◆ **Records for this task**
══════════

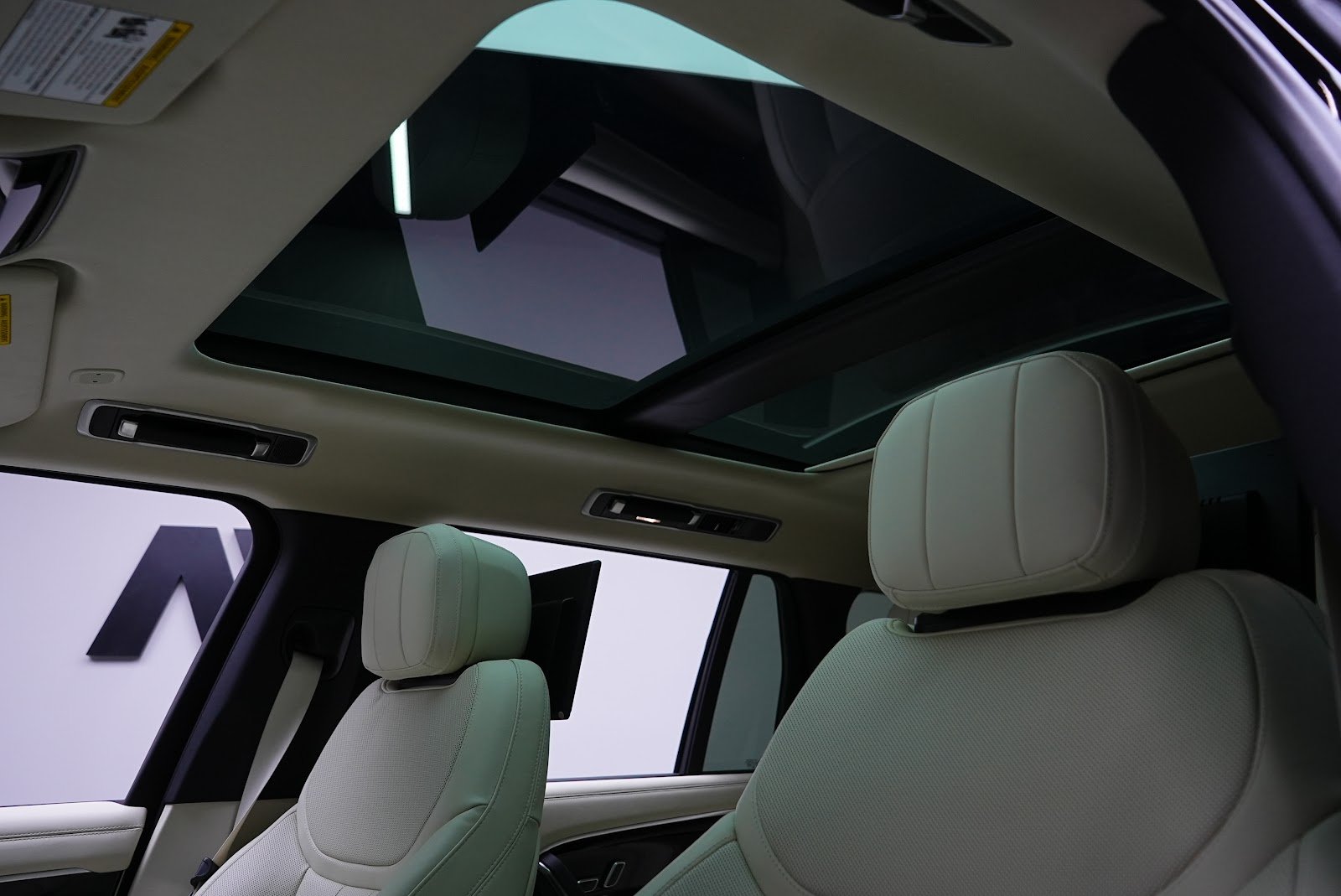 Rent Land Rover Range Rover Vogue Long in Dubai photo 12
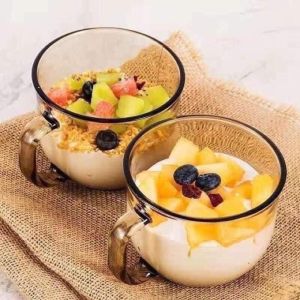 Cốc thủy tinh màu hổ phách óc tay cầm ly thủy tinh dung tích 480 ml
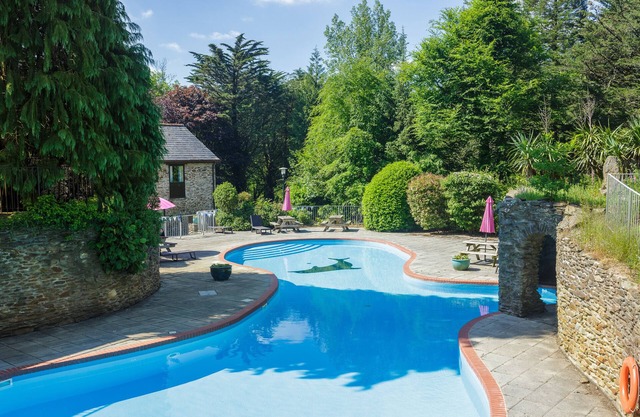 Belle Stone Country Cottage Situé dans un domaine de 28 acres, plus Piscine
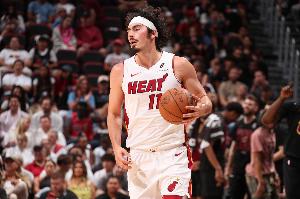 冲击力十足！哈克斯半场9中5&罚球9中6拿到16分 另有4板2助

══════════

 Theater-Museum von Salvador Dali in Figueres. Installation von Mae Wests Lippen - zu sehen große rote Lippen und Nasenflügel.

══════════

◆ **Exercise objective**
Starting at the line above with "Rent Land Rover", output every line exactly up to and including the line with "冲击力十足！哈克斯半场9中5&罚球9中6拿到16分 另有4板2助", but none of the pictures.

◆ **Exercise solution**
 Rent Land Rover Range Rover Vogue Long in Dubai photo 12
 Cốc thủy tinh màu hổ phách óc tay cầm ly thủy tinh dung tích 480 ml
 Belle Stone Country Cottage Situé dans un domaine de 28 acres, plus Piscine
 冲击力十足！哈克斯半场9中5&罚球9中6拿到16分 另有4板2助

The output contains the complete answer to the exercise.